Ci sono diverse strade per arrivare al tema dei rapporti tra chiesa cattolica e lingua italiana; perché le intersezioni sono state innumeri e perché a ben vedere le spie di questa molto fruttuosa storia comune sono distribuite a tutti i livelli, dal sistema linguistico alla storia della lingua, alla sociolinguistica più attuale. Si avvisa subito che questo L’italiano della Chiesa, di Rita Librandi, è un profilo storico e come tale affronta poco le realtà dell’attuale ribalta planetaria che la chiesa garantisce alla lingua italiana; un dato che pure meriterebbe ben più di un accenno, più di qualche riga e tre o quattro rinvii bibliografici. Il fatto che il papa parli all’estero quasi sempre italiano, i dispacci della sala stampa, la stessa Radio vaticana, i discorsi e le udienze del mercoledì; insomma, molte modalità comunicative portano in giro l’italiano forse ben più che i classici canali del made in Italy, di musica, pizza, moda, calcio ecc. Una dimensione enorme, che è stata per secoli (ed è ancora in parte) appannaggio del latino ma che garantisce oggi alla nostra lingua rendite sociali e geografiche di grandi numeri e grande clamore.
Non così il libro della Librandi, che assume la prospettiva della storia della lingua e racconta il succedersi delle posizioni che l’italiano ha guadagnato con e grazie alla religione cattolica, dalle origini fino a ridosso di questi gloriosi giorni. Nella sostanza, la diffusione del messaggio religioso in tutte le sue modalità (scolastiche, liturgiche, dottrinali ecc.) e l’influsso della religione sulla struttura linguistica. Gli esempi e le declinazioni nei secoli dei secoli di cammino comune sono ovviamente tantissimi. A partire dall’inizio, perché una delle tesi sostenute in questo libro riguarda il fatto che sarebbe stata anche una certa politica linguistica della chiesa cristiana a frammentare e ridimensionare il latino e a dissolvere lo stesso Impero romano, vista la scelta precoce dei volgari nella comunicazione ai fedeli e il prestito di legioni di parole al sistema lessicale e sintattico del latino (attenzione a quest’ultimo termine: si sa che fin che si incide sulle parole si incide forse poco; quando però si raggiunge la carne viva di madama sintassi, allora per il sistema linguistico originario si mette male).

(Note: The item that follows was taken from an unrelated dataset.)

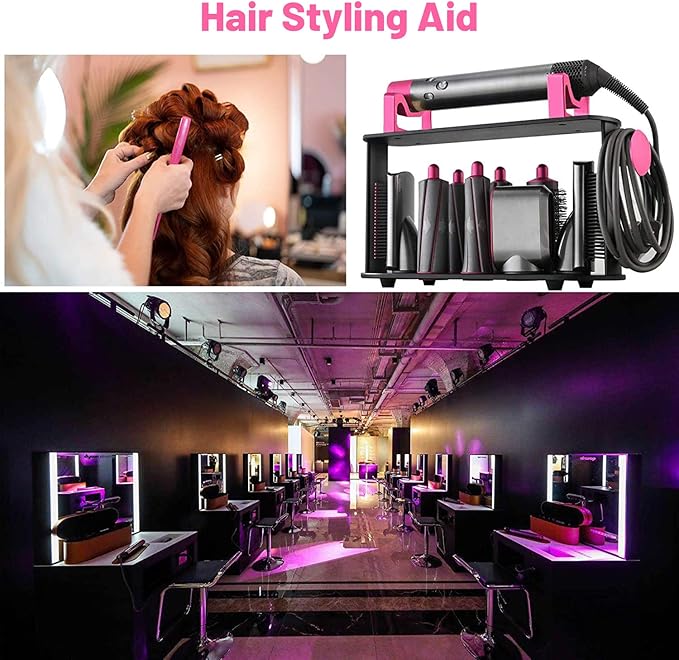 Foho Storage Holder Compatible for Dyson Airwrap Styler, 8-Holes Countertop Bracket Organizer Stand Storage Rack for Hair Curling Iron Wand Barrels Brushes Diffuser Nozzles for Home/Bedroom/Bathroom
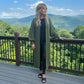 LUXE DIVA Women's Oversized Long Cardigan Chunky Ribbed Balloon Sleeve 2 Pocket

Comunque è in una certa ricerca della comunicazione agevolata con i fedeli, in tutte le sue forme, che la Chiesa ha sempre promosso la praticità dell’Umgangssprache, abitudini comunicative vicino all’uso orale, un codice dal volto umano e sorprendentemente adatto a tutte le contingenze politiche e a tutte le epoche. Come nel caso dei contesti di emigrazione, le scuole delle missioni all’estero, gli scalabriniani, i salesiani; una vera e propria pianificazione consapevole e attenta a conservare agli emigrati la lingua d’origine, ma anche a evitare loro l’isolazionismo linguistico della terra di approdo. Nella volontà, quasi politica, di permettere loro in un modo o nell’altro, con un codice o con quell’altro, di frequentare proficuamente il tempio.
Insomma, chi voglia occuparsi del successo e della fortuna dell’italiano nei suoi territori e nel mondo non può dimenticarsi di temi di questo genere, che a dire il vero non sono battutissimi nella linguistica italiana. La ricerca di nuove risorse per guadagnare alla nostra lingua i numeri e i valori di scambio dei giorni migliori non può che passare anche da qui.